Assim, apenas o Poder Judiciário – e a competência para analisar as ações envolvendo os contratos de pedágio é da Justiça Federal – pode apurar o exato desequilíbrio das tarifas e determinar a sua redução. Infelizmente, contudo, o Poder Judiciário, desde 2011, a pedido do próprio Estado do Paraná, mantém suspenso o julgamento das duas ações que poderiam importar na redução das tarifas. Trata-se dos processos n.º 2005.70.00.004071-0, da 1.ª Vara Federal de Curitiba, e 2005.70.00.007929-7, da 2.ª Vara Federal de Curitiba, cujo andamento pode ser consultado no site da Justiça Federal do Paraná (www.jfpr.jus.br). A suspensão dos processos judiciais por 3 anos, em prejuízo da população paranaense, demonstra bem como a questão dos pedágios é encarada no Estado.

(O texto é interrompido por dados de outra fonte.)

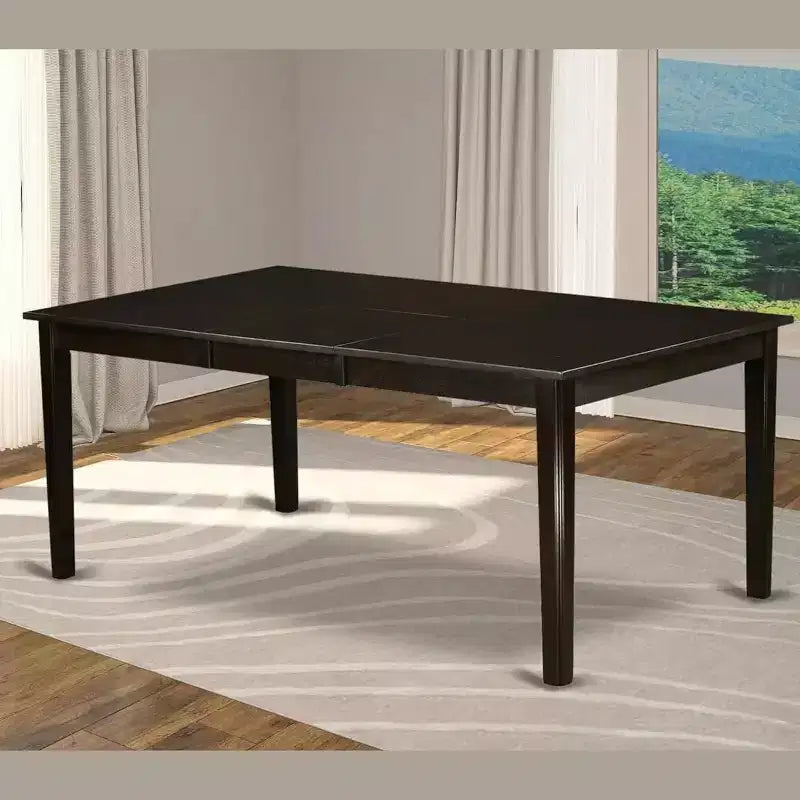 Table de salle à manger rectangulaire moderne avec rallonge papillon, coloris cannelle espresso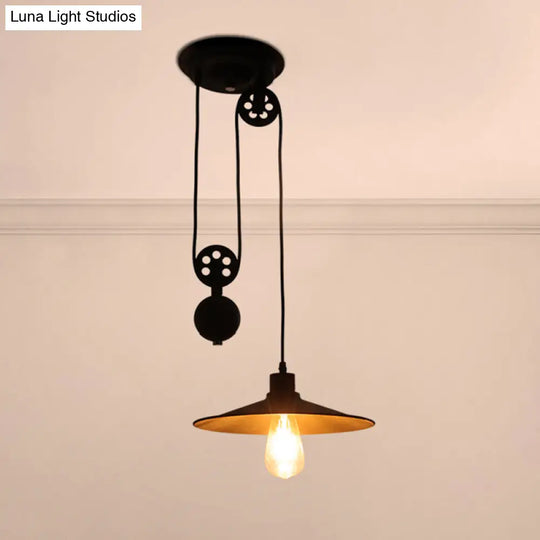 Farmhouse Style Black Metal Pendant Light With Pulley And Flared Shade For Indoor Use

7) “O que está ruim pode piorar” – VERDADE

Quando a situação dos pedágios no Paraná parecia não poder mais piorar, eis que o próprio governo do Estado, em outubro de 2013, após pagar R$ 3 milhões por um trabalho de auditoria privado, sugere prorrogar os contratos de concessão. De acordo com o Poder Executivo, a proposta seria benéfica à população, porque as empresas reduziriam suas margens de lucro para operar as estradas. O que o Poder Executivo não diz, contudo, é que, por força da prorrogação, o Estado se comprometeria a abrir mão de qualquer discussão sobre os lucros passados auferidos pelas empresas em desacordo com o contrato. A medida também teria o efeito de garantir às empresas o direito de operar as estradas do Estado por tempo excedente ao originalmente previsto, sem participarem de nova concorrência.

Como tive a oportunidade de dizer em entrevista à RPCTV, a proposta é um desaforo à sociedade paranaense (http://globotv.globo.com/rpc/parana-tv-1a-edicao-curitiba/v/relatorios-de-pedagios-no-parana-divergem-sobre-prorrogacao-de-contrato/2887402/). Trata-se de medida não apenas imoral, como também ilegal. Sem que as irregularidades nos contratos vigentes sejam identificadas e corrigidas, qualquer tentativa de “passar uma régua” nos contratos de concessão significaria violar a lei e o patrimônio público.

Além disso, o verdadeiro trauma que o Estado paranaense vivenciou com a assinatura dos contratos em 1997 só será superado depois que o Poder Público e a sociedade paranaense passarem por um completo debate sobre que tipo de modelo de concessão querem dar às suas estradas depois que os atuais instrumentos contratuais expirarem (o que ocorrerá em 2021, como vimos acima).